俺のいないところですら、俺の悪口を言わなかったどころか、女子メンバーとの関係を気にせずに俺のことをむしろ良く言ってくれた。




始業式から8ヶ月経った12月の上旬。彼女に話しかけられてから、ずっとどこかにあった、立川が俺のこと好きなんじゃないのか? という気持ちなどどっかに行ってしまった。普通にもう彼女のことが好きになってしまった。




そこ関係が壊れるかもしれない恐怖心よりも、あふれ出る彼女への好意が強くなりすぎて、その日に告白してしまった。いつでも彼女を堂々と見たくて、そして、彼女に見てほしくて。

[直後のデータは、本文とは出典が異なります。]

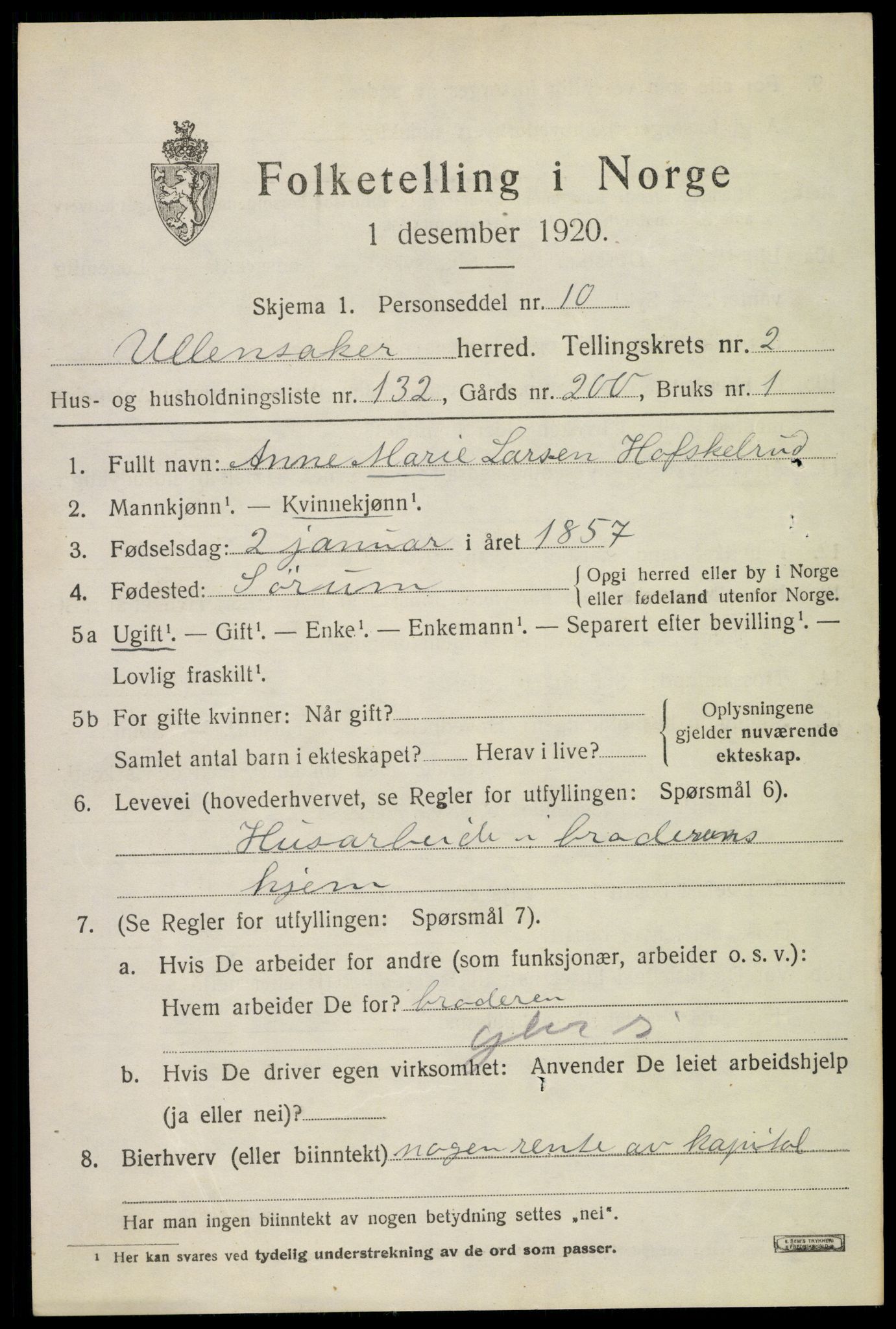 SAO, 1920 census for Ullensaker, 1920, p. 6161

「ありがとなー。私も清水君のこと好きやで。一緒にいてくれるとうれしいわー」




正直望み薄だと思っていたこの告白を彼女が受け入れてくれたときは本当に嬉しく、今でも夢かと思っているくらいである。






「清水くんー。ぼーっとしてどないしたんや?」




おっといかんいかん、まだ彼女への恋心を自覚して告白してから1週間、まだ思い出がしっかり残っていて、たまにぼーっとしてしまう。




「あ、ああー、ちょっとぼーっとしてた」




ペチペチ。




「相変わらずおもろいなー。こんな寒いところでぼーっとしてたら凍死してまうでー」




俺の頬を優しく叩き笑顔でそう言ってくれる。俺がぽけーっとしてたのに、一切俺を悪くは言ってこない。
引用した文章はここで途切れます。